Наконец благополучно спустили и стали поднимать по лагам. Теперь передние тащили за веревки, Силис подкладывал катки-буры и покрикивал:
– Новый бур!
Задние толкали вагами. После двухчасовой работы наш нежный груз был втащен на второй этаж и подвинут на соответствующее место. Мы разобрали доски, и после еще часового усилия фигура Сталина в полной маршальской форме была водружена на постамент. Фигур в гражданском и военном, в мраморе, граните и бронзе было 250. Бюстов около 500, около 800 ковров со сценами из жизни вождя, фарфоровых ваз со словами благодарности за прекрасную жизнь было без счета, медалям из бронзы, чугуна, стали и других металлов не было числа.
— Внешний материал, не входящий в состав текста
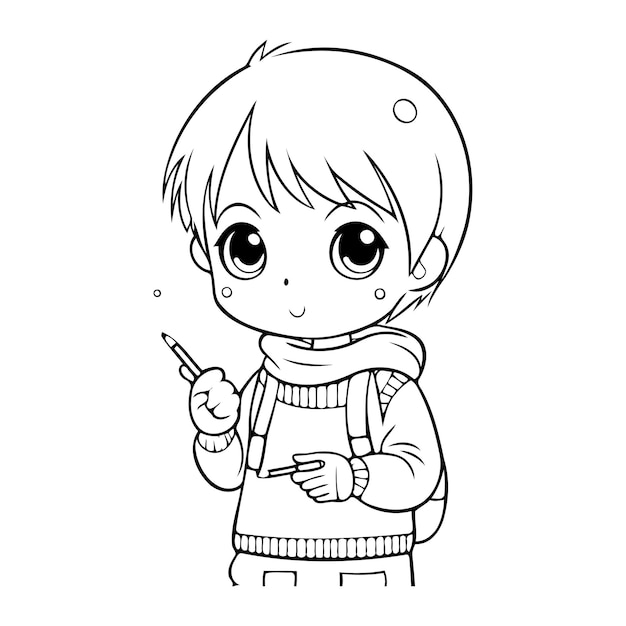 Vector lindo niño en ropa de invierno ilustración vectorial para colorear libro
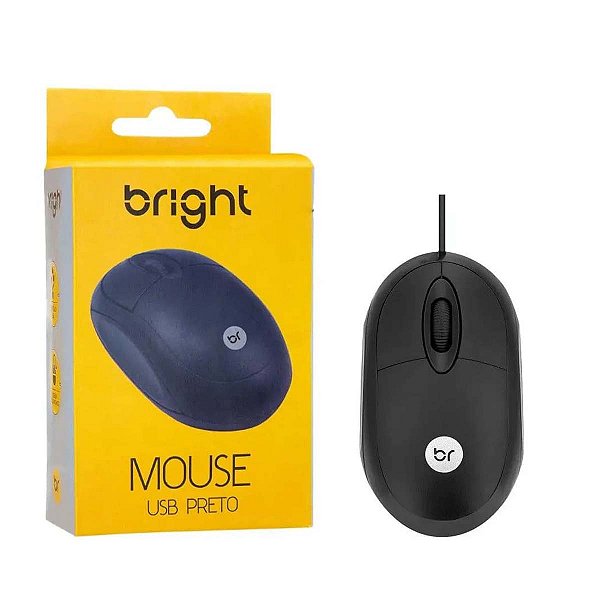 MOUSE OPTICO USB BRIGHT PRETO - 0106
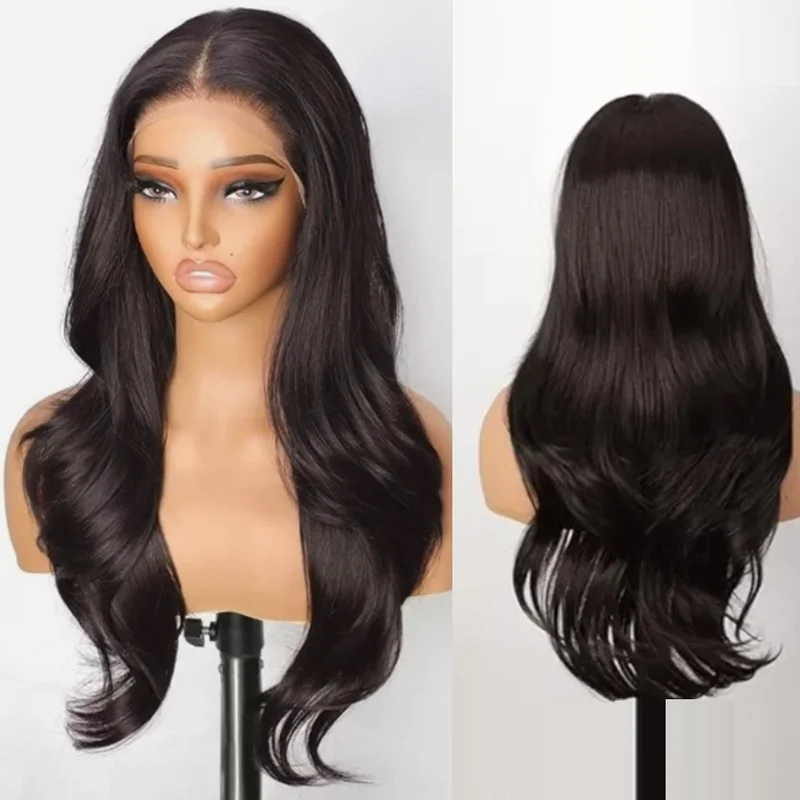 Front Lace New Fashion Long Natural Dark Brown Wavy Women's Full Wigs 24 Inch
Так Академия художеств превратила Музей изобразительных искусств в Музей подарков товарищу Сталину. Итак, за короткий срок были закрыты: Музей нового западного искусства, музей Голубкиной и Музей изобразительных искусств. Оставалась лишь Третьяковка, наполовину занятая также подарками Великому Сталину.
Наступил эстетический голод. Нам, учившимся в высшем художественном заведении, это было особенно чувствительно и вредно. Никаких учебных пособий. Музей подарков продержался до весны 1953-го. Его разобрали только после смерти Великого Вождя. Артемиды и Аполлоны были возвращены на место своего постоянного жительства. Потом открылся музей Голубкиной, но почему-то частично, нижний этаж был занят какой-то художественной организацией. А в Музее нового западного искусства выставились мы и мирискусник Александр Яковлевич Головин. Неплохое соседство! Академия так и не уступила место законному владельцу западной живописи. Последняя была не полностью размещена в Музее изобразительных искусств и в ленинградском Эрмитаже (поделена). Несколько картин было продано, некоторые хранятся в запасниках. Великая коллекция Щукина перестала существовать как единое целое.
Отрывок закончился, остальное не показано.